Since then I’ve cycled across Europe several times – more than I can think of offhand, though I’d say it’s about five. I’ve got to the stage where I not only know where all the countries are; I will also, as soon as you speak to me about riding from one to the other, have a sense of what landscapes will be around you as you do so, what the weather might be doing, and which border crossings will be available to you. I looked at the blurb on the back of a bike-touring book the other night, which described the author riding through the Alps and south via the Balkans, and noticed that rather than imagining these places on the map, as I might have previously, I was now picturing what it would be like to cycle through them.
I’ve got into the habit of spending a chunk of every spring riding around France, to recce Tour de France stages routes in preparation for Le Loop, and that’s different every year, so I’ve gradually filled in more and more areas of my mental map of that particular country, animating them into visual memories.

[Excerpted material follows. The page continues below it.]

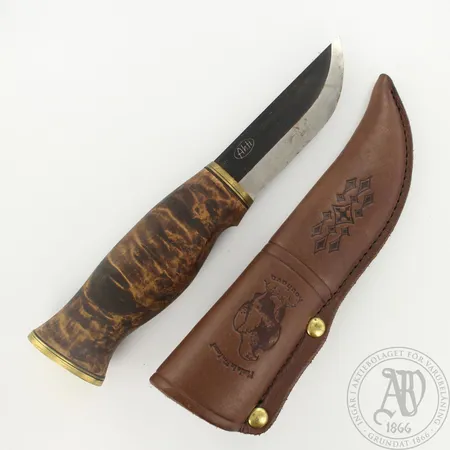 Puukko, Ahti, Kauhava, käytön jälkiä, pituus 215mm, nahkatuppi Lähetetään postipakettina.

Indeed, that was what I was rushing across Switzerland to do – the following morning I would set off to ride the route of Stage 9 (Aigle to Châtel), and now when I see Gruyère cheese in the supermarket, I think about the rolling green countryside north-east of Lac Léman, where I learned that it is made.
Crossing Passo Fuorn, a few hours before I set up my camping spot near St Moritz, had provoked all sorts of memories, and I spent a few minutes at the top, carefully arranging my bike against the col sign so that I could take a photo that exactly replicated the one I had taken six years previously (see below), when I crossed in the other direction, during the Transcontinental.